■ Problem statement ■
Starting with the line that contains "Cocina moderna con", repeat each line exactly through the final line of the listing. No picture should appear in the copy.

■ Records for the exercise ■

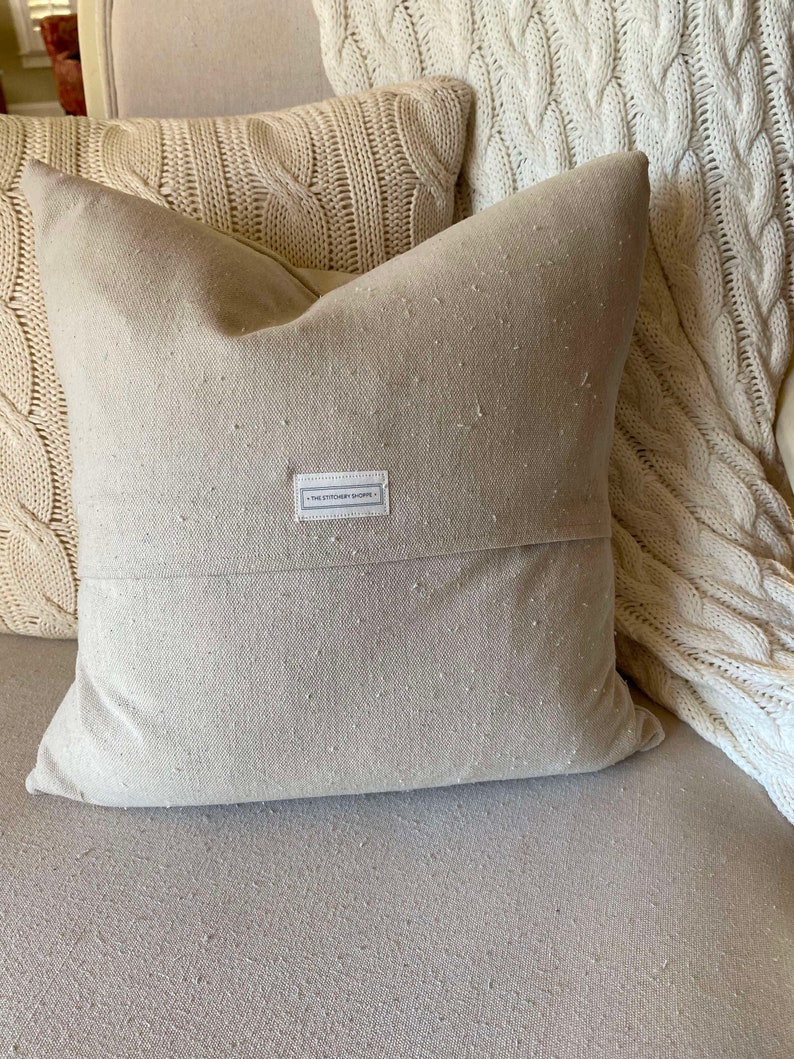 May include: A beige throw pillow with a white label that reads "The Stationery Shoppe". The pillow is made of a textured fabric and has a subtle sheen.
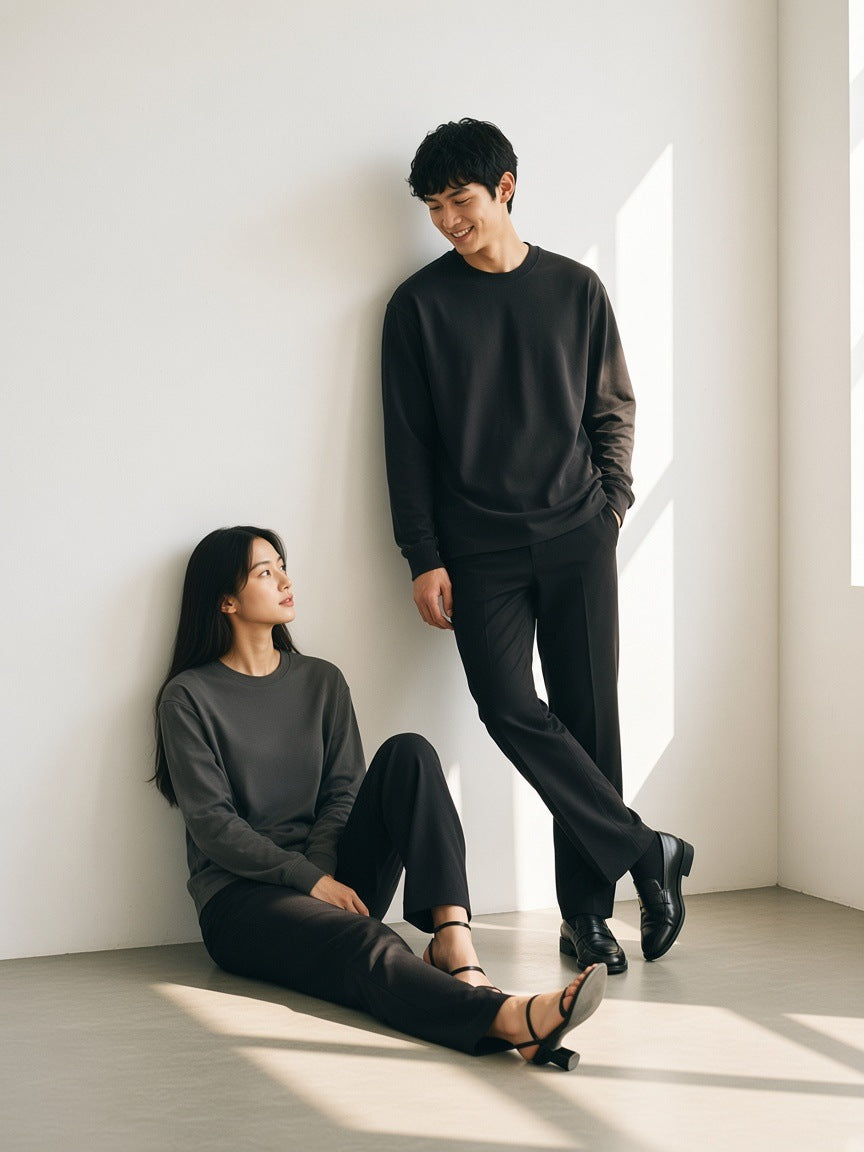 Two people in the Crew Neck Drop Shoulder Long Sleeve Shirt in Black and Dark Gray in a white plaster room by day
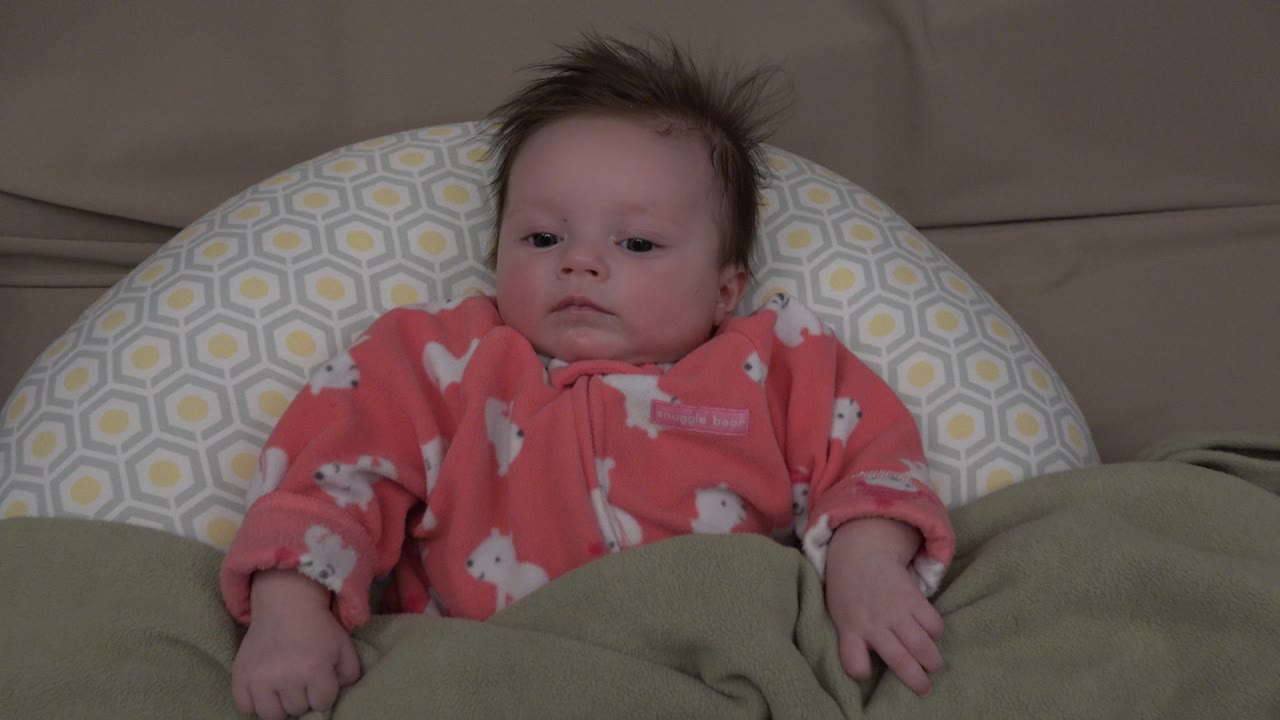 Baby leaning slightly against a patterned pillow on a couch.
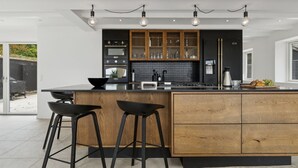 Cocina moderna con una isla central, taburetes de bar, armarios de madera e iluminación colgante.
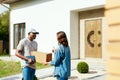 Courier Delivery. Man Delivering Package To Woman At Home Royalty Free Stock Photo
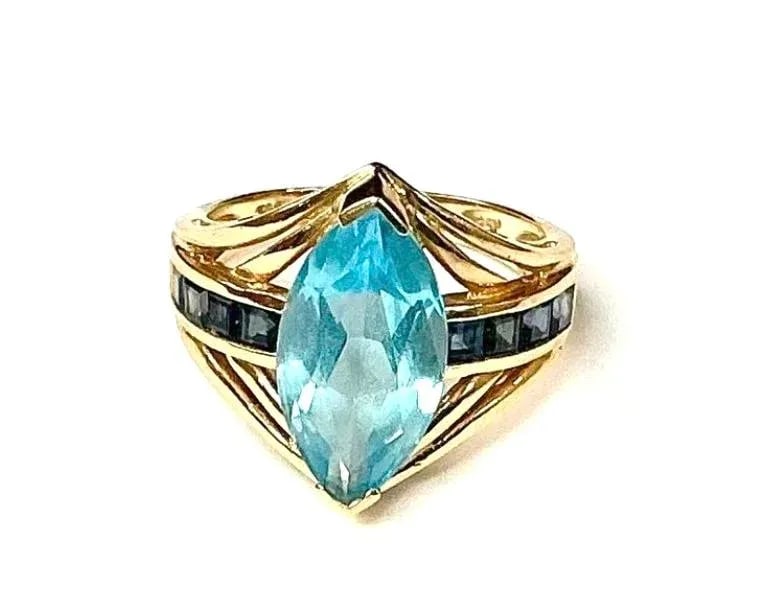 Light Blue Topaz With Dark Blue Topaz Baguettes 14k Yellow Gold Ring - 6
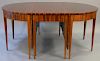 Custom mahogany Federal style three part dining table having central drop leaf table and two demilune ends all set on square 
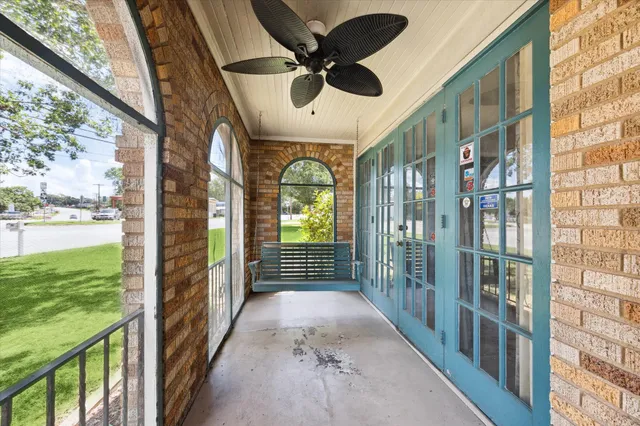 a view of lobby with a floor to ceiling window and wooden floor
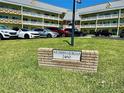 Close up of the Southern Georgian signage at 2460 in front of the building, with green lawn at 2460 Canadian Way # 36, Clearwater, FL 33763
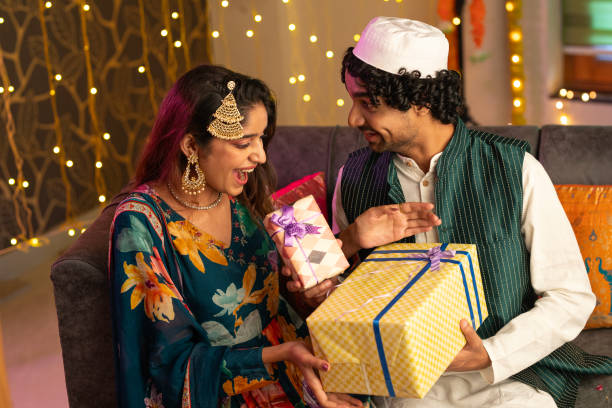 istock Man giving gifts to wife while celebrating Eid-Ul-Fitr 2175606308
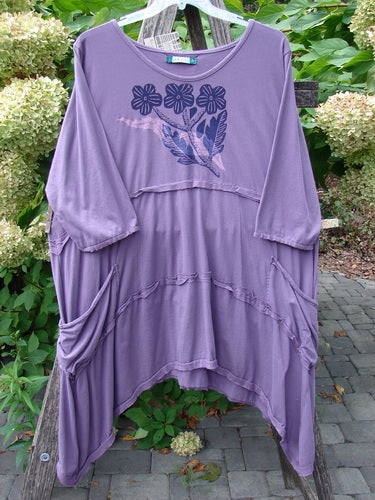 Barclay NWT Raw Seam Vector Tunic Dress in Tri Floral Violet Size 2, features a loose fit, three-quarter sleeves, draped side pockets, and floral print, hanging outdoors on a clear hanger.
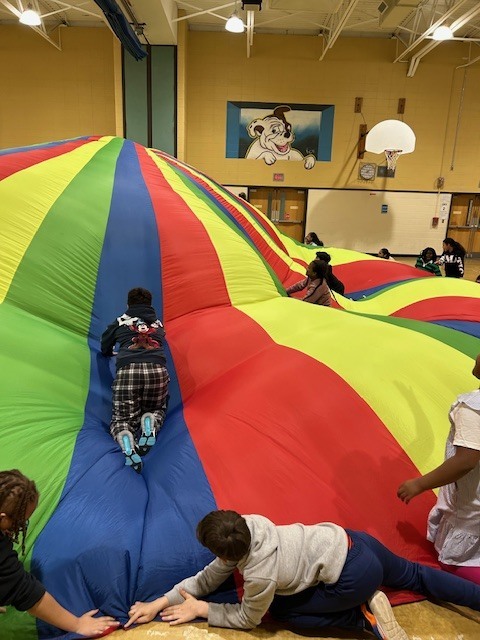 Students playing with large parachute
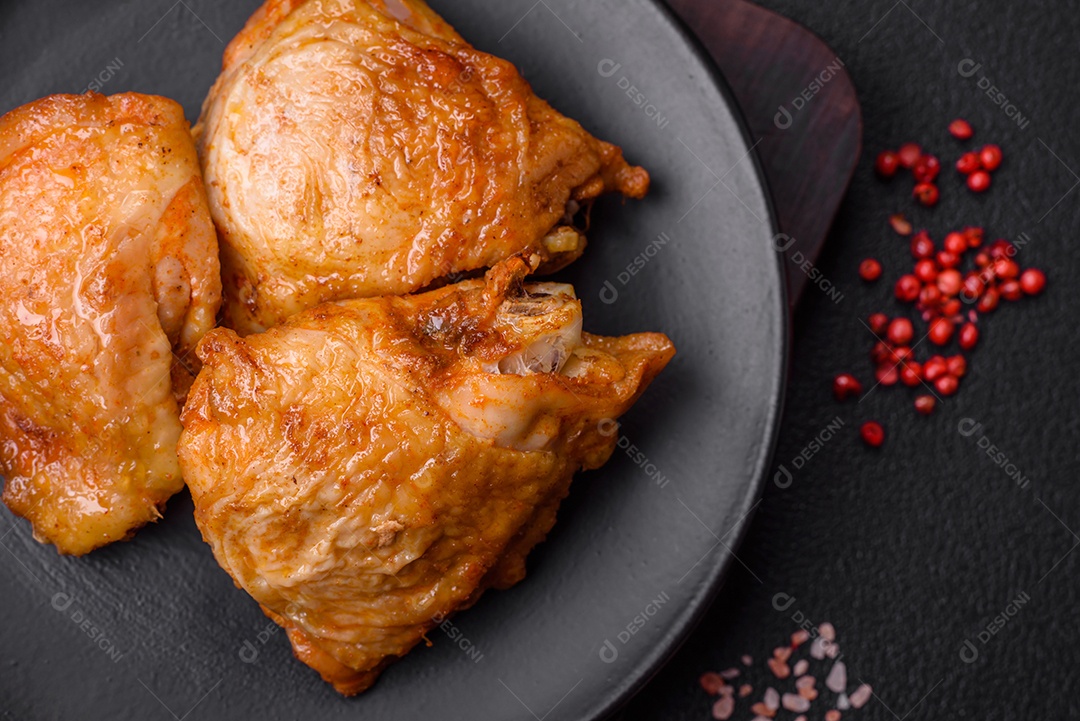 Deliciosas coxas de frango grelhado com sal, especiarias e ervas sobre um fundo escuro de concreto
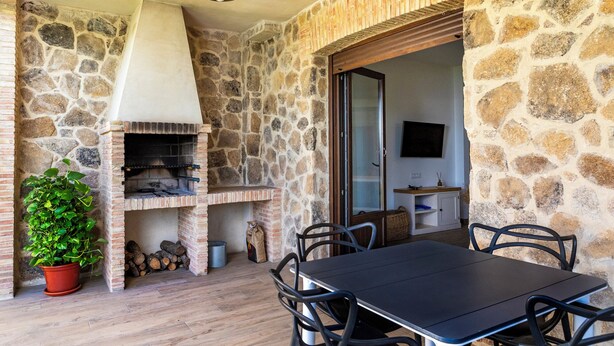 Un espacio al aire libre para comer con paredes de piedra, una chimenea de ladrillo, una planta en maceta y una mesa con sillas.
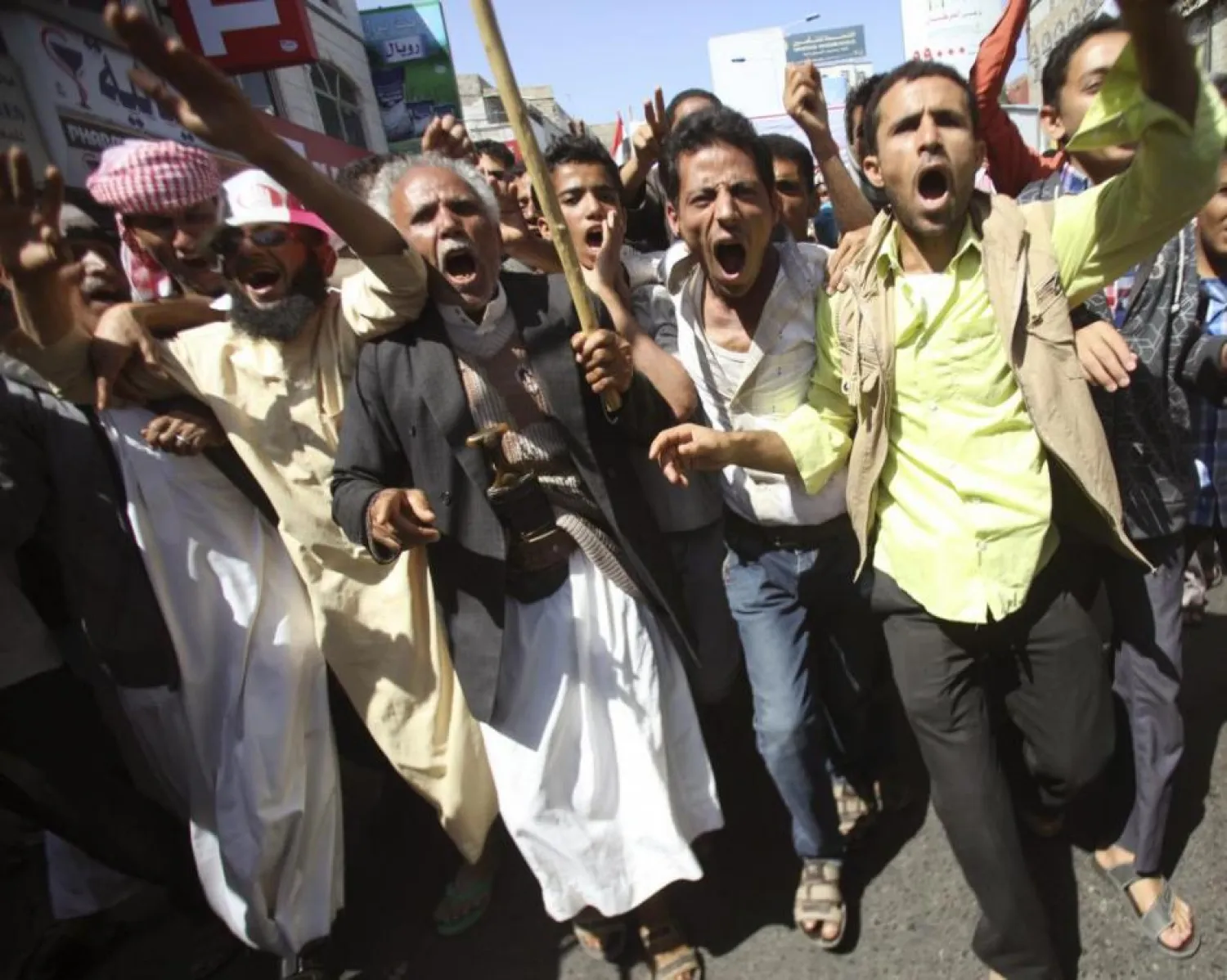 Anti-Houthi protesters shout slogans during a demonstration against the militia in the southwestern city of Taiz, Yemen. (Reuters)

■ Result for this exercise ■
 Cocina moderna con una isla central, taburetes de bar, armarios de madera e iluminación colgante.
 Courier Delivery. Man Delivering Package To Woman At Home Royalty Free Stock Photo
 Light Blue Topaz With Dark Blue Topaz Baguettes 14k Yellow Gold Ring - 6
 Custom mahogany Federal style three part dining table having central drop leaf table and two demilune ends all set on square 
 a view of lobby with a floor to ceiling window and wooden floor
 Close up of the Southern Georgian signage at 2460 in front of the building, with green lawn at 2460 Canadian Way # 36, Clearwater, FL 33763
 istock Man giving gifts to wife while celebrating Eid-Ul-Fitr 2175606308
 Barclay NWT Raw Seam Vector Tunic Dress in Tri Floral Violet Size 2, features a loose fit, three-quarter sleeves, draped side pockets, and floral print, hanging outdoors on a clear hanger.
 Students playing with large parachute
 Deliciosas coxas de frango grelhado com sal, especiarias e ervas sobre um fundo escuro de concreto
 Un espacio al aire libre para comer con paredes de piedra, una chimenea de ladrillo, una planta en maceta y una mesa con sillas.
 Anti-Houthi protesters shout slogans during a demonstration against the militia in the southwestern city of Taiz, Yemen. (Reuters)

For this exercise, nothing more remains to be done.